The Rise of Localization


Posted by Bruno on June 21st, 2006

Listening to this Mother Jones Radio episode on my walk home today, it occurred to me that there’s another consequence of the wired world that may give smaller, local businesses an edge.

They were interviewing Michael Pollan (whose blog is great, and, unfortunately, behind the TimesSelect firewall), food author, and Joel Salatin, a farmer that Pollan profiles in his latest book. Salatin does these amazing things with polyculture farming that you can read about here, but the point is that this kind of local farming would have been much, much harder in the pre-internet era. Our current industrial food system (indeed, our whole industrialized economy) thrives mostly because of specialization: you end up with a lot of middlemen who get very very knowledgeable in one specific task.

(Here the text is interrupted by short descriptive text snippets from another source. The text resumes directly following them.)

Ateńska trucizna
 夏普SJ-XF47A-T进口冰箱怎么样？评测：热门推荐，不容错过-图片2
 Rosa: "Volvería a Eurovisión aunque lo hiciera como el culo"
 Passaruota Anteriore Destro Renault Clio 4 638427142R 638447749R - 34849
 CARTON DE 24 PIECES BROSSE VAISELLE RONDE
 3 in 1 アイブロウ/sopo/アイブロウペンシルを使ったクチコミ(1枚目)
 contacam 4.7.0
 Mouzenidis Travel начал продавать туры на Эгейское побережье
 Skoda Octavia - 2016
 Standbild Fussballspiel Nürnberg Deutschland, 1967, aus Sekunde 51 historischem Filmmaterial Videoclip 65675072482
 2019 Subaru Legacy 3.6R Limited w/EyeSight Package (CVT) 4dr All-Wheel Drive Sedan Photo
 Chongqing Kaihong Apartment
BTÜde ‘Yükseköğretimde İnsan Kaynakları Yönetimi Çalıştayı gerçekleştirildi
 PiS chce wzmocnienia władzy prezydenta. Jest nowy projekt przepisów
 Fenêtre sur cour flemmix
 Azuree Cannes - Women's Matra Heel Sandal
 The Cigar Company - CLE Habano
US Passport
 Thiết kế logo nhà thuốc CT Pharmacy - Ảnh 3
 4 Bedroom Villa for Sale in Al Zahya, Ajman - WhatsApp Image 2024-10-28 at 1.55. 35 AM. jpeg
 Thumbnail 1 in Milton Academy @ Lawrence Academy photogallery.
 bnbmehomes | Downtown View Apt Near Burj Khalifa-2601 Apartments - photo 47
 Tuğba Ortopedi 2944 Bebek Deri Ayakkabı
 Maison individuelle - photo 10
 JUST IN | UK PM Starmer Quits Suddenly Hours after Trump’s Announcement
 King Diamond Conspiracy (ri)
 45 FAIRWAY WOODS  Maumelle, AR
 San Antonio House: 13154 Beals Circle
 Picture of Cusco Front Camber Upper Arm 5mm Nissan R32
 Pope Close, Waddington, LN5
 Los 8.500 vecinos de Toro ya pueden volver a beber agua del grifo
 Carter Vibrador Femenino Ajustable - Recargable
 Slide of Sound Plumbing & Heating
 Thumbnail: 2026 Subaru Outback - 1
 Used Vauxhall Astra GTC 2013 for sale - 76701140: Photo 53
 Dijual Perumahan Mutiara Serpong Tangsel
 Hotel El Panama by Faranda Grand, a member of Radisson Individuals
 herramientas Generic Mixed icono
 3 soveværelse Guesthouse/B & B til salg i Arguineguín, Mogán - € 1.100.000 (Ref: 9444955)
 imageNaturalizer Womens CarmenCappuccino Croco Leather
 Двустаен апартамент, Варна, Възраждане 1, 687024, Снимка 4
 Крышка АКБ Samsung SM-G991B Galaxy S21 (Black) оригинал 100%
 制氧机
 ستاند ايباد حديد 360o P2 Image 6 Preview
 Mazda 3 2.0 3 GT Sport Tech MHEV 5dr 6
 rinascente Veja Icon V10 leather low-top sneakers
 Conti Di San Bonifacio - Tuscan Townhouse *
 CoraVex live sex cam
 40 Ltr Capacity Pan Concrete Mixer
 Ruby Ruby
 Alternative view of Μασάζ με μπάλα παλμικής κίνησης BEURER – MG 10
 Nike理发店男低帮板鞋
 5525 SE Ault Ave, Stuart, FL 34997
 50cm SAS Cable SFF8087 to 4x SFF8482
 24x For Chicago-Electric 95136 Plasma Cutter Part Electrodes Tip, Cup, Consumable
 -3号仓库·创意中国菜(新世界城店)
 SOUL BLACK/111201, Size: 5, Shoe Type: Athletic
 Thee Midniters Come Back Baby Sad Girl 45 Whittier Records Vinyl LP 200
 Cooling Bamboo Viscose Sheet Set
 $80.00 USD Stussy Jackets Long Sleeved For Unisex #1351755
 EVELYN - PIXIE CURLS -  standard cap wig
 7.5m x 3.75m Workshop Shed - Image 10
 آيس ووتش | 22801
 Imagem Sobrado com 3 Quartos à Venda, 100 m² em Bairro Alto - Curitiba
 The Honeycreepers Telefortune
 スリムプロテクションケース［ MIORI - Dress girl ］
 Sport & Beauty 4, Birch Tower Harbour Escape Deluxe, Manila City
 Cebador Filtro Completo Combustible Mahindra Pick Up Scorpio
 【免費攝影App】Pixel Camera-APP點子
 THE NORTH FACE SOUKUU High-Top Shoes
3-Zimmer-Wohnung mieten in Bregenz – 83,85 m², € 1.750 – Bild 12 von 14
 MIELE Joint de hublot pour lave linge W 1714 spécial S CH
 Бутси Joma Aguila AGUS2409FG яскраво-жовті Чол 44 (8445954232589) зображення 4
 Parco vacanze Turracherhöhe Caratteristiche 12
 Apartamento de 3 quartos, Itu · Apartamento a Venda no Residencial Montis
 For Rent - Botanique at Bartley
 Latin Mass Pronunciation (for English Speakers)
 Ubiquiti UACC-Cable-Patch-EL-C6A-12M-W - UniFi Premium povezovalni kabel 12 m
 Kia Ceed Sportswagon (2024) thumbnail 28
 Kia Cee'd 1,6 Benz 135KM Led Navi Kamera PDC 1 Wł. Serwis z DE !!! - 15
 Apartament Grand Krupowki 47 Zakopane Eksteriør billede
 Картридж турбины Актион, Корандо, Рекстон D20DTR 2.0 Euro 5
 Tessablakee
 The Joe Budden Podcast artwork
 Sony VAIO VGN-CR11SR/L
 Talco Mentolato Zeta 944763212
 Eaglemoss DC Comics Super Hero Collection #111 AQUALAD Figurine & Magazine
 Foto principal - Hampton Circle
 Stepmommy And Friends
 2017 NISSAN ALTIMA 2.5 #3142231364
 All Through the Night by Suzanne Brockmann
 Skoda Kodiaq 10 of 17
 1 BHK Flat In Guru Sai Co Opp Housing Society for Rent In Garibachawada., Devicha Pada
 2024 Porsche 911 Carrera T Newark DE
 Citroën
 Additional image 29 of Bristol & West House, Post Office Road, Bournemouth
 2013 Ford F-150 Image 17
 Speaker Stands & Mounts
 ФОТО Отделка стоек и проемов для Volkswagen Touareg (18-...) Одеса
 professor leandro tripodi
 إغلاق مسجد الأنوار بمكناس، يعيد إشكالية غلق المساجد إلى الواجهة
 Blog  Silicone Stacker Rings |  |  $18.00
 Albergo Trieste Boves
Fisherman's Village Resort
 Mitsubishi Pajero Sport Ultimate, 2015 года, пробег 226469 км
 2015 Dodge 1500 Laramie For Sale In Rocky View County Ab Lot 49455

But the internet changes all of that, and allows, say, a couple of morons from Seattle to start their own political podcast with no experience and no money! It also allows a small polyculture farmer to link up with lots of other farmers and trade information and knowledge pretty freely. This makes all those middlemen less of a competitive advantage, which means that other advantages can emerge: the fact that the food is fresher and consumes less gasoline to get to your dinner plate.

I know this is not revolutionary stuff here, but it does make me think that there’s perhaps more than one way to achieve neo-localism.